Jugar fútbol le gustaba desde chiquita, pero no soportaba perder, explica, pero también señala que esa actitud cambió durante su estadía en Casa Alianza.
Hace apenas cuatro meses pensaba en todo menos en cruzar el océano en avión para participar en una Copa Mundial.
“Estaba en la droga”, se lamenta María y agrega que “vine aquí porque quería una recuperación”.
Profesionales de la Casa Alianza la apoyan en su proceso para seguir su sueño: “Ir a otro país a conocer, con un montón de futbolistas bien uniformadas en un avión, ¡y ser una profesional de fútbol!”.
Un silbido junto a los gritos del entrenador “¡sigan pa’ lante!” rompe el silencio cuando María sale corriendo con ansias para seguir pateando el esférico junto a los demás.
Luego se acerca Kevin de 16 años, quien envuelve su dedo índice en un hilo que se soltó de su camisa. Su vista se pierde en la lejanía donde sus compañeros siguen jugando.
En su niñez la autoridad y el machismo de su papá de andar con otras mujeres, era sólo uno de los numerosos desafíos. Experimentaba maltrato “físico y emocional al mismo tiempo”, como se expresa de manera clara.

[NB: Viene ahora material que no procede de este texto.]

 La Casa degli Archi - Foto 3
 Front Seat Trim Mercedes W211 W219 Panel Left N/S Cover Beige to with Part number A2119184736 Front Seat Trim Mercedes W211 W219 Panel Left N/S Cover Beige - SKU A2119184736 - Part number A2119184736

Las heridas más profundas dejaron las palabras constantes de sus padres: “Maldito el día que nació esa basura”, mientras la mamá le decía que “no te sabes ni limpiar bien”.
Tras tanta humillación, empezó a salir a la calle. Ahí, fumando cigarros con los chavalos encontró su ambiente para luego juntarse a una pandilla a los 14 años. Fue en el sexto grado de primaria cuando comenzó a experimentar con drogas: “Para consumir, siempre ponía excusas como el hambre o la alegría que me daba”.
Una mañana Kevin se miró su rostro demacrado en el espejo y supo que de él solo quedaron las sombras de lo que un día fue. “Ya no era la mitad de lo que alguna vez fui, tanto físicamente como sentimental”.
El cambio vino inesperado. La droga lo hizo seguir robando hasta que lo agarraron en su último robo y lo trasladaron a la Casa Alianza donde experimentó un momento inolvidable. “Me recibieron con un abrazo, ¡un ser tan despreciable, callejero, vago, así en la cara de la sociedad!”, expresa con gusto.
Ese día lo único que podía llamar suyo eran unos “shorts”, un par de chinelas y dos camisolas. Aunque a veces Kevin quiere volver al pasado para borrar “unas caballadas”, está consciente que ahora le toca reconstruir su futuro.
“Quiero ser otra persona, tener un titulo, alguna vez casarme y tener hijos”, confiesa.
“El profesor me había contado acerca de Sudáfrica, todavía no puedo creer que voy a tener la oportunidad de ir a otro país” sigue esperando su destino con ansias. Sí sigue entrenando y aplicando las reglas, Kevin puede hacer su sueño en realidad en unos pocos meses, pero siempre acordándose:
“Si algún día me dicen que no iré, será porque el Señor está preparando algo distinto para mi”, cuenta de manera contenta al terminar la grabación.